In fact, you may call your ex repeatedly or contact your ex's friends in an attempt to maintain some sort of connection to them. This is a natural human reaction to a lost love. And while it's understandable, it will prevent you from healing and moving on with your life.
In order to get your life back on track, you must close the door to your past - or you will never have a future. You cannot live in the past if you want to ever be happy again.
What happened is over. No amount of wishing or wanting is going to change or undo what's been done. The sooner you can accept this, the sooner you will find peace.
For Your Sake Put the Past Behind You
In order to experience a sense of closure, you must let go of the desperate feeling that you can't survive without your ex partner. Negative feelings such as guilt, failure, resentment, and anger must be addressed and effectively managed.
While it's normal to feel this way under the circumstances, it should only be temporary. Continuing to hold on to these bad feelings not only keeps you from healing, it also destroys any chance of you ever being happy again and living a rich full life.
Why Self Worth is so Important After a Breakup
Many times when a relationship comes to an end, one or both people adopt an attitude of failure and low self-esteem. They base their self worth on the success or failure of the relationship.
|Moving On from a Broken Heart|
This is extremely damaging in terms of your emotional state of mind. Never should a person determine their own self worth by measuring themselves against another person.
By learning to love yourself unconditionally, you will be able to survive a devastating breakup or anything else life throws at you.
Starting the Healing Process by Moving On
While there's no way to magically and instantly stop the hurt and pain of a lost love, there are indeed several ways to heal yourself. Focus on changing the things you can, and let go of what you cannot.
- Stop all communication with your ex (unless you have kids). Refrain from calling, texting, and following them. Harassing them and trying to maintain contact keeps you bound to the pain.

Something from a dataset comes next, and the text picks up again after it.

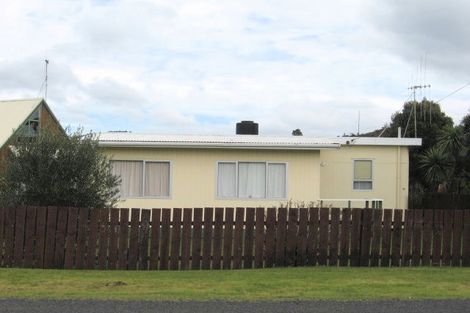 Photo of property in 133 Ocean Beach Road, Tairua, 3508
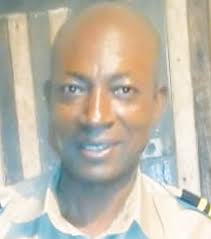 They clubbed my dad to death, poured chemical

- It's over, done, finished - it's history. Stop beating yourself up over whose fault it was, what you could have done better, and generally blaming yourself.
Forgive the other person and yourself to find happiness again. The better you feel about yourself, the easier it will be to move on.
- Get out there and start mingling with other people. Remember when you used to have fun? And when you do start dating again, never talk about your ex and the details of your relationship and/or breakup.
You're out on a date. This could be the start of a wonderful new relationship. Why are you dredging up the past? Leave your cares behind - this is a new day.
Healing Takes Time
Give yourself enough time to heal your broken heart. Being happy with who you are will allow you to feel joy with someone new.
Moving on can be painful, but the good news is you will discover who you are in the process and eventually find someone even better. Hang on. You're worth it.